Rather, I have many houses that I dream about.
Shortly after we moved from sunny California to Portland Oregon, my son Patrick, then 9 years old, had a vivid dream about our family home we had sadly left behind. He was outside playing with his brothers and the neighborhood kids with squirt guns. Out of water, he attempted to charge into the kitchen for a refill but found the front door locked. A stranger opened it and promptly announced “you don’t live here any more”.
Pausing here for a brief meltdown.
I grew up on Halo Drive in Compton, California. I had my babies on Tedemory Drive in Whittier. I sent my first son to high school from SE 31st Street in Portland, Oregon. And I launched all three of them into adulthood from my current home on Del Monte Avenue. Each house was a “dream house” to me because the people I loved the most made it just that.
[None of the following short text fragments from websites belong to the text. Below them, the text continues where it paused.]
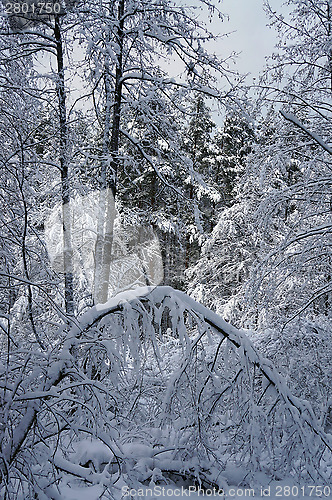 Image of Snowy forest in winter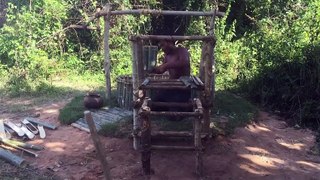 Make Water filter in the forest by ancient skill ( wells bamboo )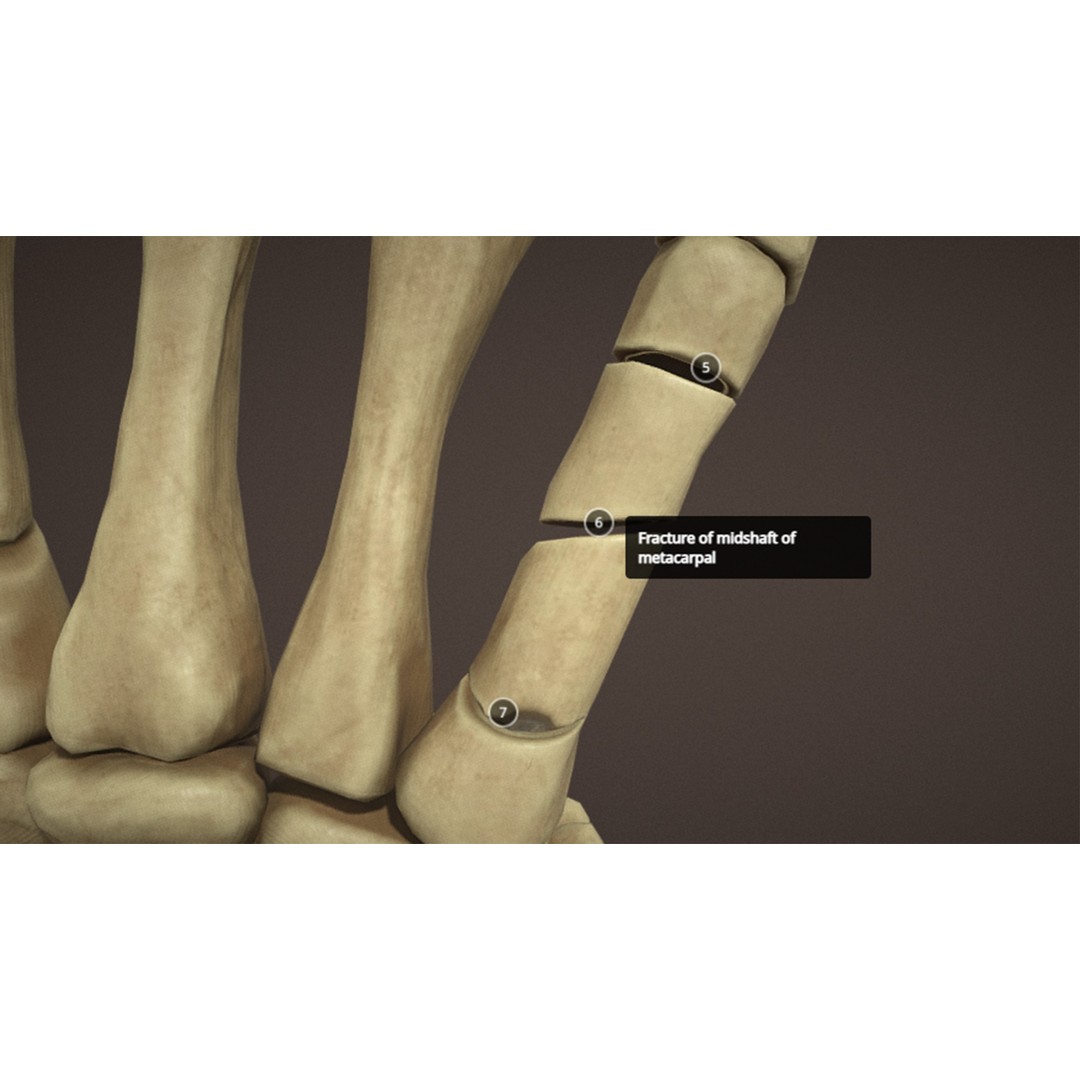 Hand Anatomy 3D Model – Low Poly Character Asset with PBR Textures - View 12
And in each house, a part of me was projected on to the walls and floors and empty spaces as my own personality and inner being grew and developed, magically displayed like a crayon drawing on a clean white piece of linen paper.
I’m moving, downsizing, cleaning, sorting and putting up for sale once again a house I will someday dream about. I’m feeling both excited and sad and several other emotions in between. But I am holding the tension of the opposites deep within as I go through this process. It’s time to make a change, to grow in a new direction, to take a chance, to redirect the energy in my life. It will be a bittersweet journey.
I will take this home with me. Every house I’ve ever lived in has taken up permanent residence in my heart and soul, carefully placed on my own personal Street of Dreams.
And I can revisit them any time I like.